I knew one guy – a consummate Marine – who scored a perfect on all three of our metrics – Physical Fitness, Marksmanship and Combat Fitness – and who had a black belt in the Marine Corps Martial Art as well. He wasn’t merely impressive; he inspired everyone that knew him.
But he was thirty years old, and had been divorced twice.
This isn’t an easy subject to broach with someone, but he and I got to talking one day, and he told me that it took him two marriages to figure out what he was doing wrong: He wasn’t communicating with his wife. His partner never knew what he needed, so he never got what he needed. And because he was so closed off, he wasn’t learning what she needed – and wasn’t providing it to her.
We can never take our wives for granted. A happy marriage makes both spouses happier and stronger – and creates a better, more loving environment for children. Our wives sacrifice greatly for us. They move every three years, wait for years through our deployments and raise our children when we can’t be there because of mobilization or field training. Marriage is service – each spouse serving the other. In order to best serve our wives, we’ve got to open up to them.
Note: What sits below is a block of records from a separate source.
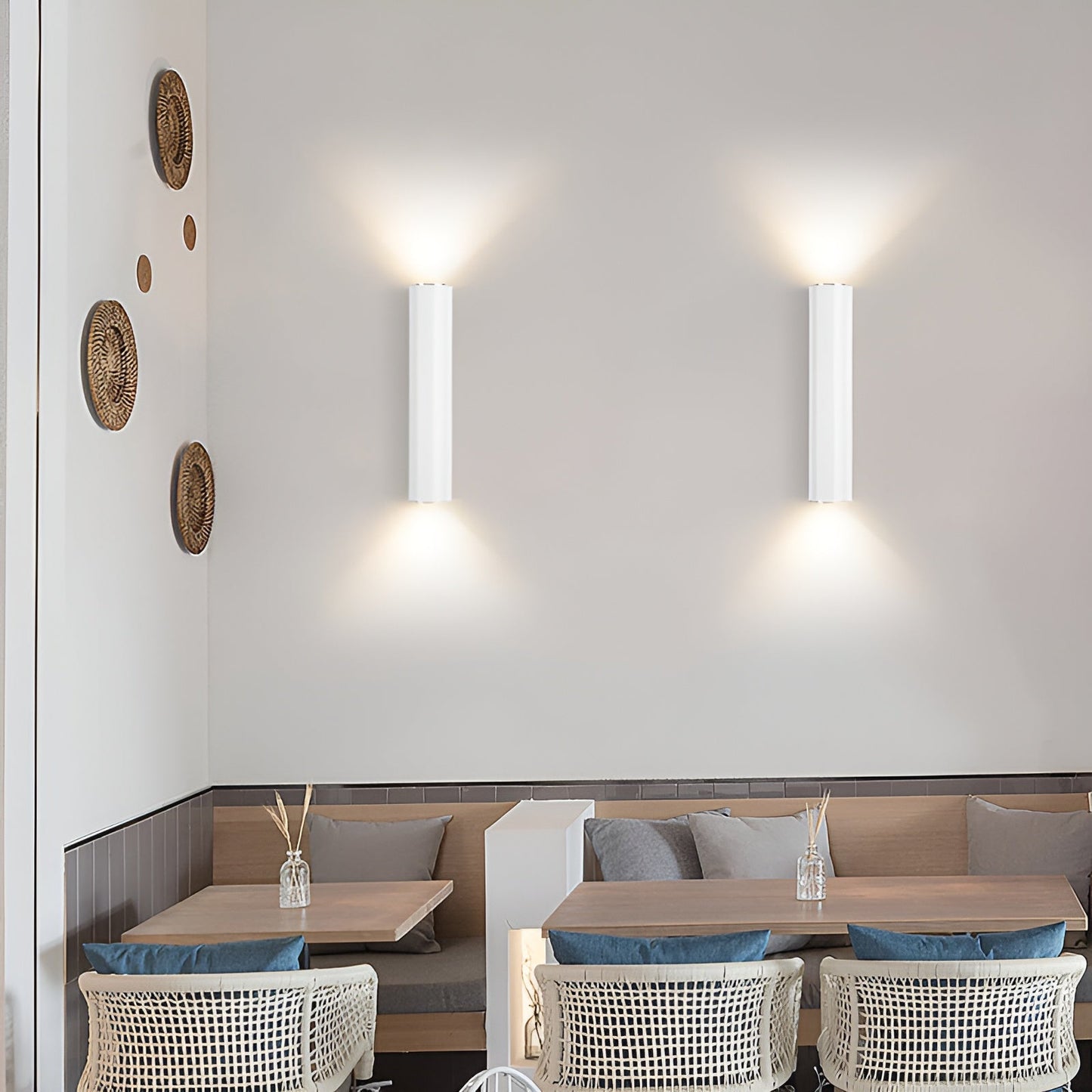 GeminiGlow – Gouden wandlamp met cilindrisch ontwerp LED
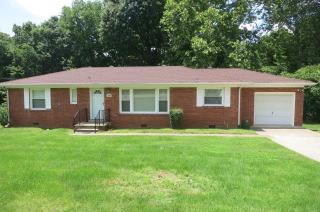 24 Bunker Hill Rd, Clarksville, TN 37042-7611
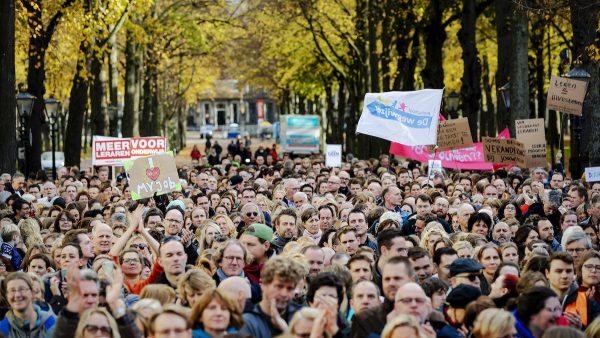 De Algemene Onderwijsbond roept leraren op tot tweedaagse staking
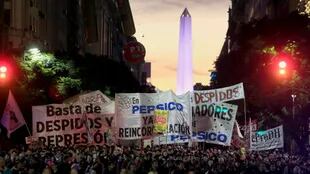 Ex trabajadores de PepsiCo y organizaciones de izquierda cortan la 9 de Julio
Here are 6 ideas to help you start communicating better with your wife today.
- Understand that men are usually more future-oriented, and women are usually more present-oriented. In other words, military men tend to be people of action. Our wives are also certainly go-getters, but on the overall whole, many of them will tend to focus more on the journey, not the destination. If you’re looking at your marriage as though it were a set of goals – have kids, buy a home, save for retirement, etc, you can lose focus on the present, day-to-day reality of your marriage. Oftentimes, she’s focused on the relationship: spending quality time together, strengthening your bonds and connecting with each other. You’ve got to learn to speak to her in these terms, as well. If all of your conversations are about saving money, wanting to achieve some goal or just plain talking about work, you’re not being present with her.
- Spend more time listening and less time talking. By shutting your mouth and letting her talk – especially when the two of you are angry with each other – you’re communicating something very powerful to your wife: You’re telling her that you think her concerns are valid, and that you’re interested in why it is that she’s upset. This is one of the single most important things you can do to end a fight more quickly. Instead of trying to score points, tell her that you’re hearing what she’s saying. By setting the precedent, you can then make sure that your side of the story is heard – without it escalating into an interrupting-and-shouting match.
- Set aside time to talk. Make a half hour available to her everyday to communicate about how your days have gone, things that are going on in your coworkers’ and friends’ lives and other casual topics of conversation. Also, be aware of your timing. If you have something really important to say to her, you might be burning with a desire to get it off your chest, but if dinner’s on the stove, the kids are running wild or she’s trying to rush out the door to get to her plans, she’s not going to be able to get into a serious conversation with you. Save it for when the time is right.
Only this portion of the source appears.